The image below shows you Bob's view of a garbled circuit, where you see the encrypted gates, all the wires, and how they're connected. Note that Bob doesn't actually know the operation of each gate, just how to evaluate them if he has a value for each input wire.

Here, as in the in-class example, we are using the simple (not secure!) encryption defined by

$${\rm Enc}_k(x) = (x - k^2) \bmod 100$$

$${\rm Dec}_k(x) = (x + k^2) \bmod 100$$

And here are the encrypted truth table values for each gate.

Gate Encrypted truth table values
$$g_1$$ [4, 24, 43, 91]
$$g_2$$ [40, 53, 61, 80]
$$g_3$$ [26, 47, 59, 81]

Bob is not supposed to ever be able to find out both the true and false values of every wire. That would allow him to do extra evaluations, and to figure out Alice's input that he's not supposed to know.

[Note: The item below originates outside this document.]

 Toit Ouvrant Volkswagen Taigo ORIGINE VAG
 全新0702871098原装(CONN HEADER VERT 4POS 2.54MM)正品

But suppose Bob nefariously discovers the complete table of wire values as follows:

Wire False value True value
$$w_1$$ 0 8
$$w_2$$ 0 4
$$w_3$$ 4 0
$$w_4$$ 5 7
$$w_5$$ 4 7
$$w_6$$ 2 5
$$w_7$$ 0 1

Note that the value of $$w_7$$, the output, is unencrypted.

Based on all this information, "un-garble" the circuit to discover the actual operation of each gate. Is each one an AND gate, OR gate, XOR, or what? You should be able to decrypt the truth tables and discover the operation of each gate.

Turn in your decrypted truth tables, and an accurate gate diagram of how the circuit looks (with actual gates).

Can you explain (in plain English) what this circuit does?